== The task ==
Exact copy, pictures excluded: print the lines from the one with "Two men in hoodies" through the final line of the records.

== Given data ==
....
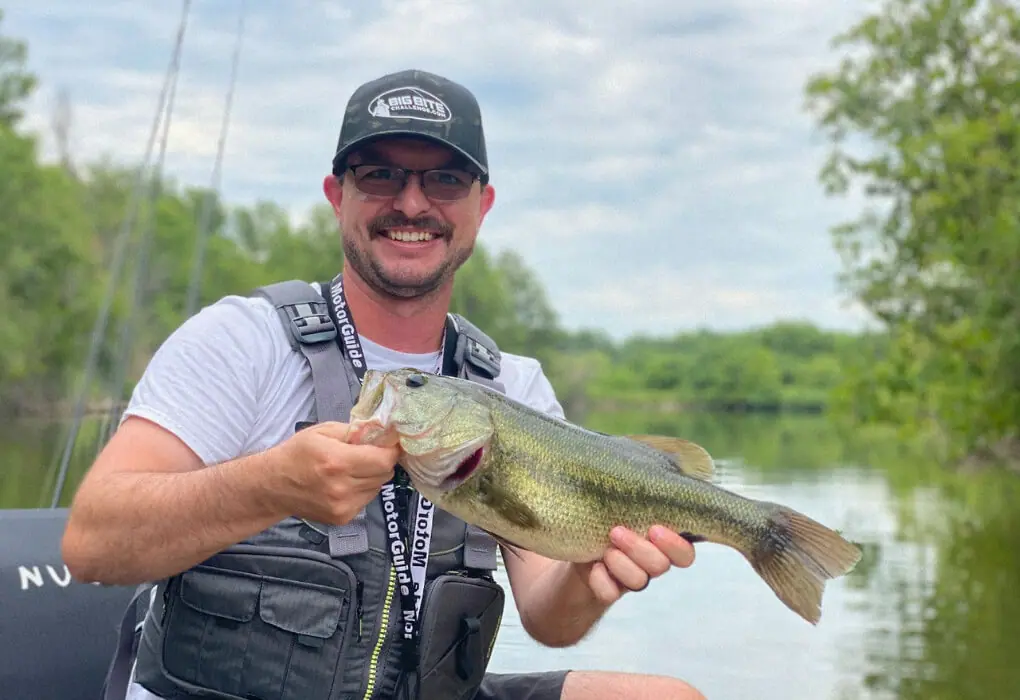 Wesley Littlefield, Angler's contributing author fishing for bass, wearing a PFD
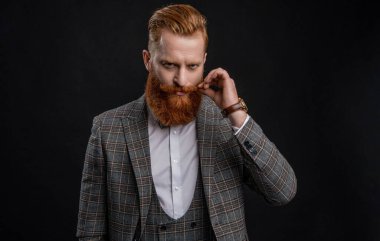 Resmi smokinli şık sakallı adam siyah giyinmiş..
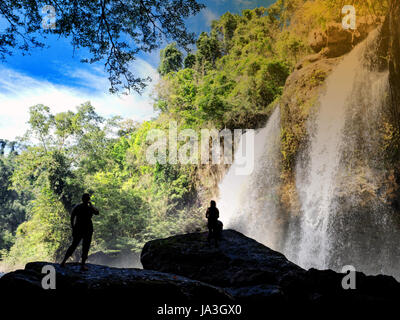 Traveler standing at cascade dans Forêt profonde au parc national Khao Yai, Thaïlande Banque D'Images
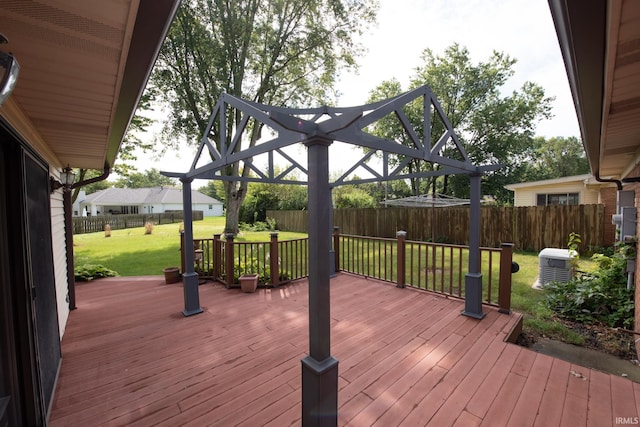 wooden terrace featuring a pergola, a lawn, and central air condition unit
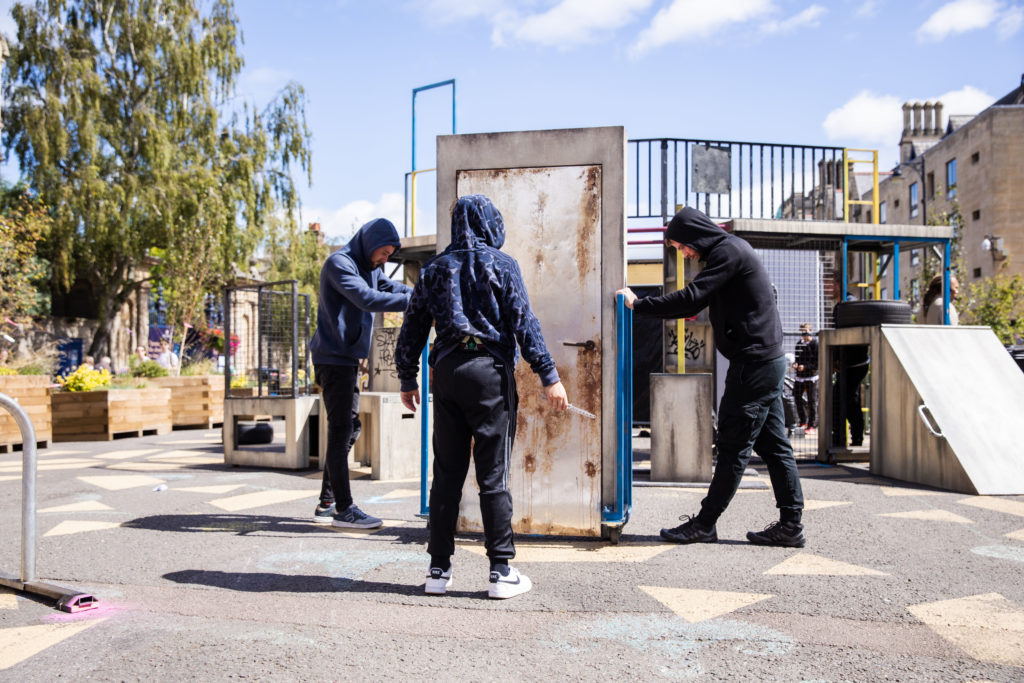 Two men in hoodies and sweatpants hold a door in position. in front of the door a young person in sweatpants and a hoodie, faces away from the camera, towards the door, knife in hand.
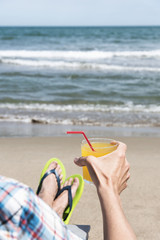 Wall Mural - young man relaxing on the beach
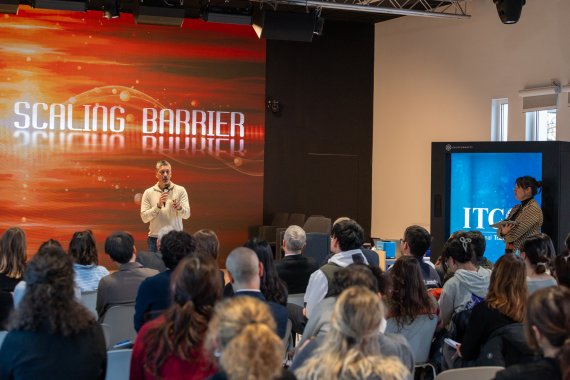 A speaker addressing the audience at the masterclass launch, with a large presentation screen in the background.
....
== Written response ==
 Two men in hoodies and sweatpants hold a door in position. in front of the door a young person in sweatpants and a hoodie, faces away from the camera, towards the door, knife in hand.
 Wall Mural - young man relaxing on the beach
 A speaker addressing the audience at the masterclass launch, with a large presentation screen in the background.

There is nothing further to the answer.